The INF is excited to announce a new content partnership with the Iowa Department of Cultural Affairs (IDCA). Entitled “Iowa Culture Wire”, the IDCA will provide a quarterly arts and culture article series to INA members– who may utilize the content free of charge in their newspapers.
From the IDCA:
“The series offers fresh stories about arts, history, film and culture from the Iowa Department of Cultural Affairs. With solid reporting, stylish writing and lively photos, this publish-ready content covers every corner of the state to help readers discover the people and places that make Iowa such a fascinating place to live.”
About the writers:
Michael Morain covered arts and culture for the Des Moines Register from 2005 to 2016 before becoming the communications manager at the Department of Cultural Affairs. He is a two-time fellow of the National Endowment for the Arts Institute for Arts Journalism and (more important) the nephew and grandson of two INA Master Editor-Publishers: Rick Morain and the late Fred Morain of Jefferson.
Jeff Morgan has served the Department of Cultural Affairs since 2004, following two decades of experience in public relations, and journalism. He has formerly worked for Des Moines Performing Arts (formerly the Des Moines Civic Center), the Des Moines Register, Des Moines Business Record, Iowa City Press-Citizen and various Meredith Corp. publications.
The current series of articles is available to download today. The series covers the following topics:
At the Iowa Arts Summit, set for Aug. 10-12, Iowans can learn more about the value of enlisting artists in community development. This year's summit will highlight successful projects across the state, including Mason City and Maquoketa, where leaders have sought out artists to enliven their downtowns, and Oskaloosa, which plans to launch a new creative studio space and expand an artist-in-residence program. Other examples can be found in Indianola and Dubuque.

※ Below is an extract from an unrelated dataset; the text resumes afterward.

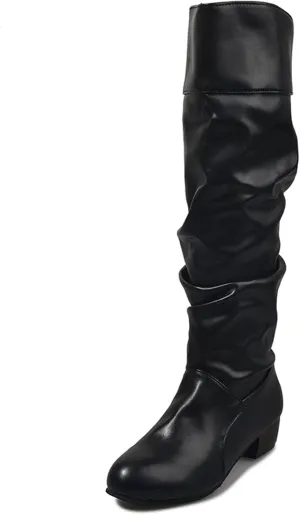 Ladmiple Fall Boots Women Knee High Wide Calf Cone Heel Slouchy Western Cowboy Cowgirl Boots Party Fashion Dress Shoes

From July 27 through Aug. 3, Ballet Des Moines will tour a new space-inspired program to Waterloo, Clear Lake, Algona, Muscatine, Chariton and Des Moines. The program uses music and movement to explain the solar system, using human bodies to show how heavenly bodies orbit, rotate, revolve and eclipse one another. Off stage, audiences will have a chance to gaze at stars in a portable planetarium, check out Iowa State University's FLEx Virtual Reality Lab and send postcards into space.